Good practice tips

Efficient and clean coding practices are fundamental for effective data analysis and collaboration. This section offers a set of good practice tips tailored for scripting in R.1 These guidelines are designed to improve the readability, shareability, and functionality of your code.

Tips for effective R scripting

Structuring the scripts

  • Use commented lines of - to help break up the script into readable sections.

  • Load all required packages, then all required files. Only load the packages that are necessary for your script.

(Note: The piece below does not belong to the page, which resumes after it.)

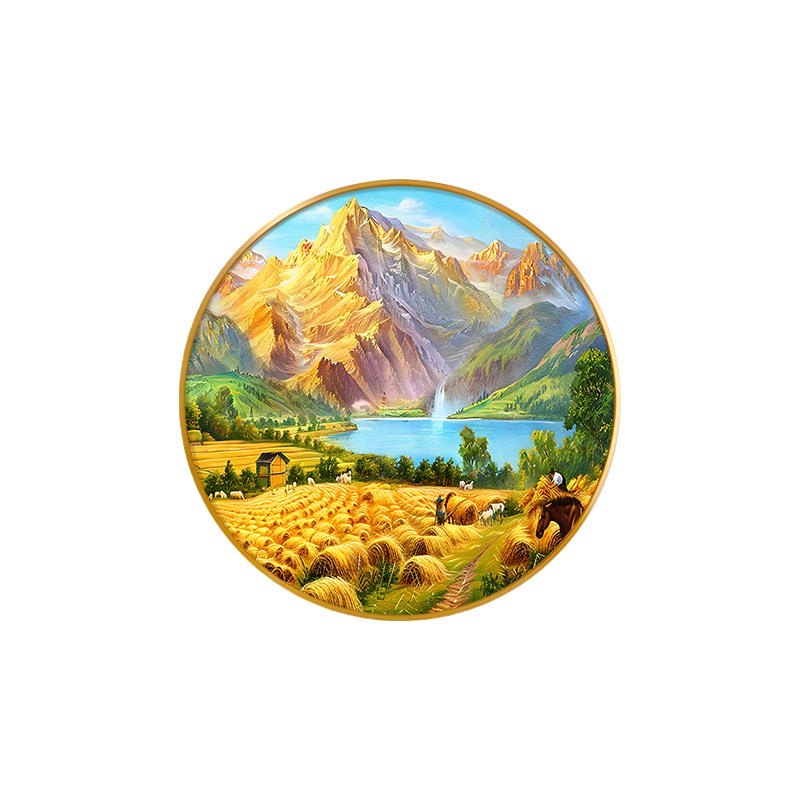 金山丰收手绘油画入户玄关柜装饰画现代轻奢走廊过道餐厅圆形挂画图片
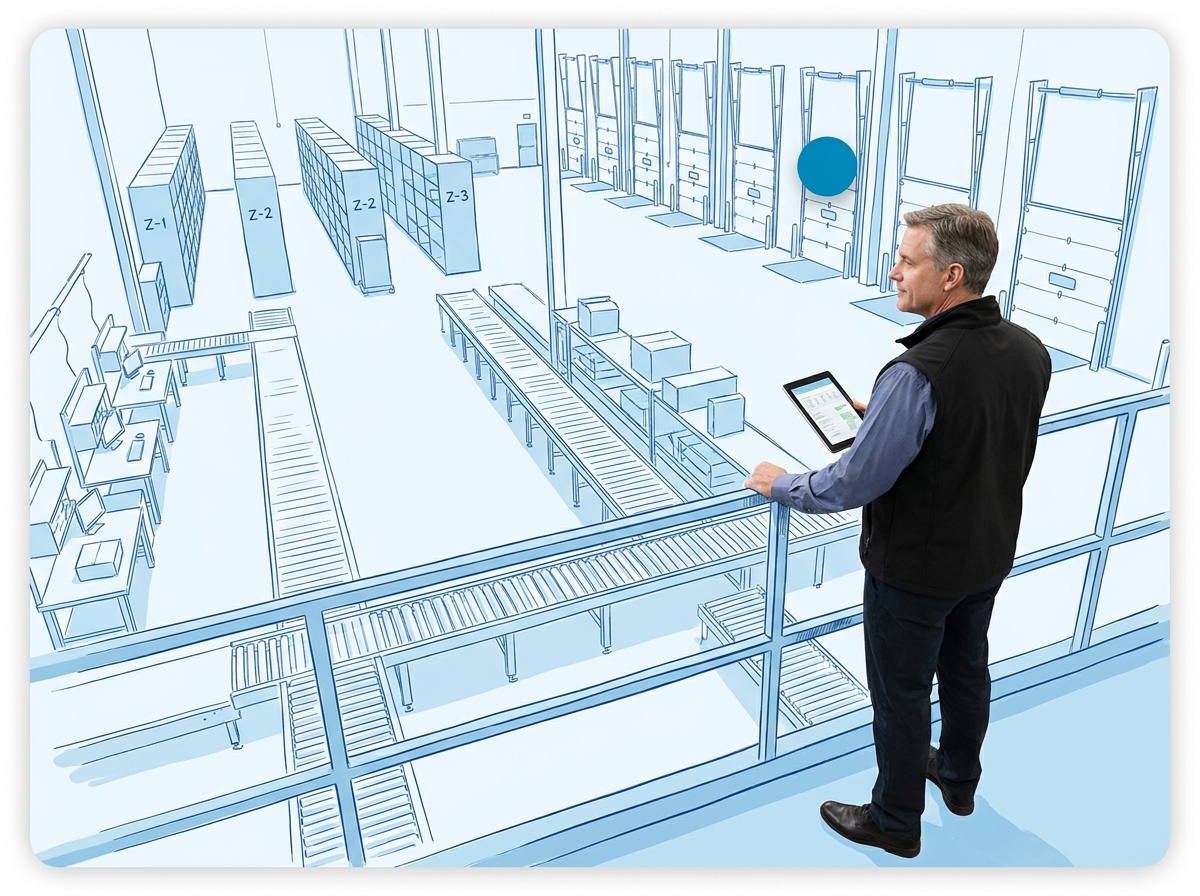 Operations director observing a high-volume fulfillment floor with conveyors and pack stations, blueprint annotations overlaid on the layout.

# Loading libraries and data --------------------------------------------------

# Load libraries (install if needed)

library(tidyverse) 

# Load data 

df <- read.csv("example_data_vis.csv")

# Tidying the data ------------------------------------------------------------

# Filter by year
df <- df %>% 
  filter(enrollment_year == 2020)

# Separating a full name into first and last name
df_separated <- df %>% separate(col = FullName, 
                                into = c("FirstName", "LastName"), 
                                sep = " ")
  • Include a line on who wrote the script, and a line or two on what its purpose is.
# Open University Learner Analytics Data (OULAD) ------------------------------

# 1. OULAD loading and cleaning -----------------------------------------------

# Introduction ----------------------------------------------------------------

# Ongoing document written by LA with support from RJS.
# Analyses the Open University Learner Analytics Dataset.
# Info on this open dataset and the data can be found here:
# https://analyse.kmi.open.ac.uk/open_dataset
  • If the script is unwieldy, consider breaking the code up into separate files. As a rule of thumb, a file shouldn’t be longer than 2000 lines.

Coding practices

  • Where possible, use the tidyverse rather than Base R. The tidyverse has friendly syntax and is often easier to read than Base R.2
  • Comment liberally, explaining what your code is doing and why.
# Creating binary deprivation measure
# Where bottom three deciles are coded as deprived
student_info <- student_info %>%
  mutate(deprivation_status = case_when(
    is.na(imd_decile) ~ NA_character_,
    imd_decile %in% 1:3 ~ "Deprived", 
    imd_decile %in% 4:10 ~ "Not deprived", 
    TRUE ~ "ERROR"
  ))
  
# student_info has more than one row for many students, who are taking more than one module
# So we can keep unique id_student to perform a lookup 
student_info_unique <- student_info %>%
  distinct(id_student, .keep_all = TRUE)
  • Try to keep the code to 80 characters or less per line for readability.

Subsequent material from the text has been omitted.